At the end of the day, I see the choice between Obama and Clinton as a choice between a most certain continuation of our current trajectory and the possibility of charting a new course. Perhaps Barack Obama will turn out to be just like Hillary Clinton. Perhaps he is only paying lip service to the ideals that he describes. Perhaps he will only concern himself with the interests of power and not the interests of people. But if this does turn out to be the case I do not see how we have lost anything. We have no alternatives and we will not get another chance like this again.
There are forces at work right now that will most assuredly make these discussions impossible in the future. I take it as a terrible omen that the success of Starbucks is flagging. This might sound silly, but it represents that the days of American excess, of vast amounts of cheap money, are coming to a close. We must tighten our belts. We must become educated and industrious. We must get out of debt and learn to live much, much leaner lifestyles.
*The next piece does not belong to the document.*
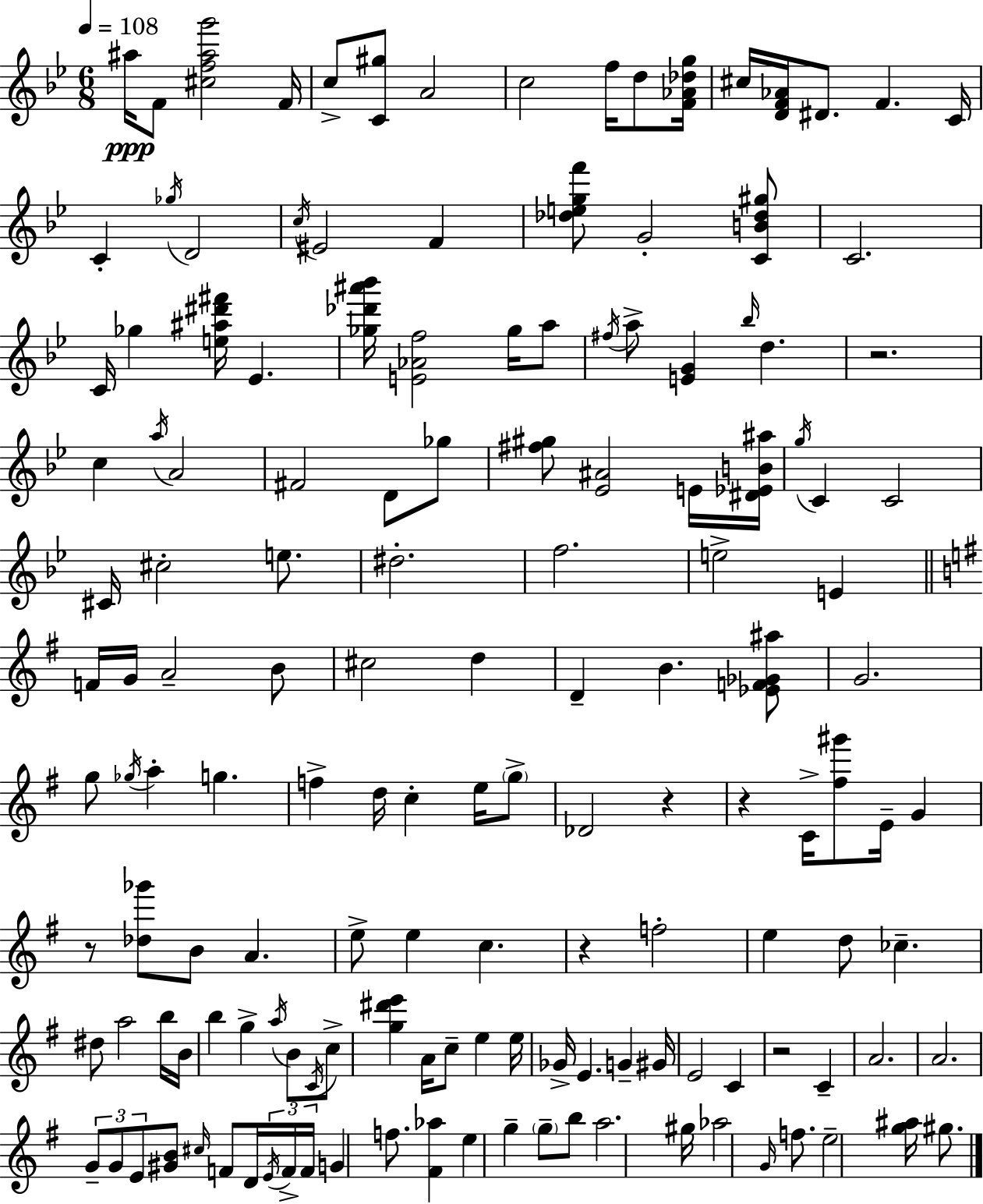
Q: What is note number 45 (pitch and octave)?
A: E5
Petroleum is only going to get more expensive and more scarce and this will undermine everything that we attempt to do.
I don't think we'll get another opportunity to take a chance on someone like Barack Obama. I expect the election in 2012 to be one that will be conducted on completely different terms. The story then will not be Iraq, it will be Iran, Russia and China. The 21st century will be defined by competing geostrategies that endeavor to control the last vestiges of petroleum on planet Earth. The cabal that has been running our government for the last seven years has already begun our first moves in this new era. This is what is meant by a "New American Century." When Dick Cheney says that our "way of life is not negotiable" he is not talking about fast food and faster cars. If you think that the fear exhibited in the wake of 9/11 was startling, just wait until we're engaged head on with Iran. Kyl-Lieberman is not simply some token piece of legislation. Ahmadinejad has been in Iraq this week and this will continue. Personally, I wouldn't be surprised if we find ourselves in conflict with Iran before the year is out. If you don't think Hillary Clinton's vote on Kyl-Lieberman is significant, think again. If you think she merely exhibited poor judgment in her votes on the Iraq war, think again. These facts are not unknown to her.
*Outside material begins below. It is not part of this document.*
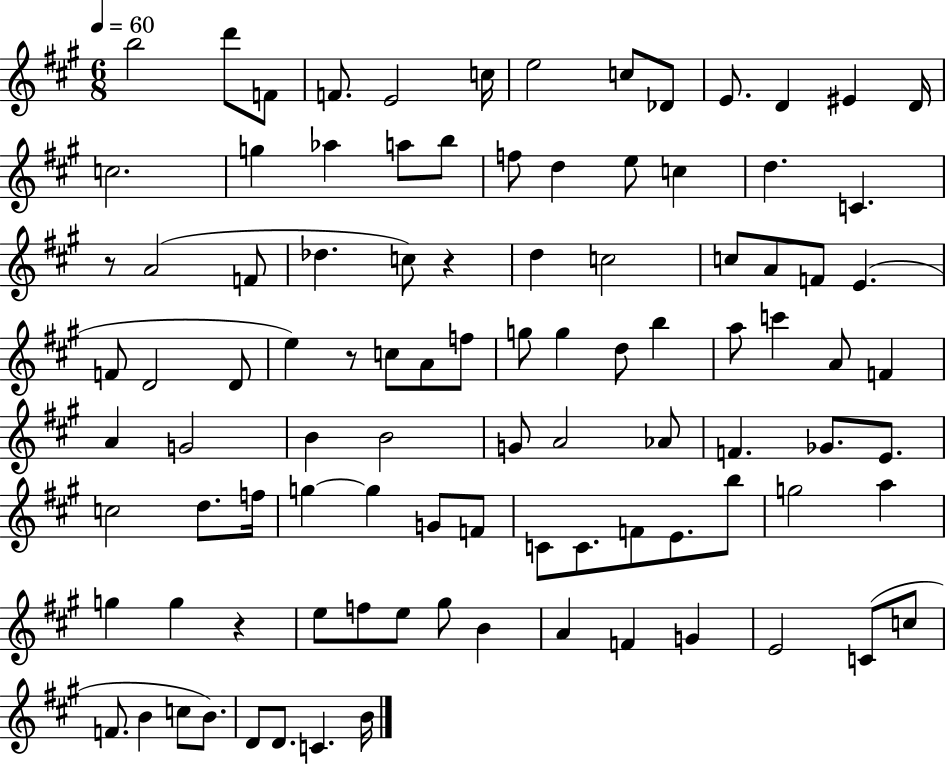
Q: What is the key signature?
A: A major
It is of the utmost importance that we are united in facing these challenges. I suspect that those who have so easily written off the leadership skills that Obama has exhibited in this campaign simply do not understand that a continuation of the politics that we've seen in the Bush-Clinton-Bush era will cost us more than they imagine. It's not just a matter of liberals and conservatives bickering on websites. This will come to to look like a frivolous luxury in the days ahead. Fellow blogger clearthinker has observed that he thinks the discussion of health care won't even last until November. If we start to see gasoline move above $4/gal. this summer I think he will be proved correct.
None of the minor policy differences between Obama and Clinton are relevant in the slightest. What matters is who will be able to lead. Some have observed that Obama bears some similarities to Reagan, but they seem to mean this as some sort of slur against him. I say, good. That's what we need right now.
March 4, 2008 7:18 AM | Reply | Permalink
DF--you are drinking the kool-aid...That was powerful and insightful. It beautifully summarized the driving dynamic behind the Obama campaign.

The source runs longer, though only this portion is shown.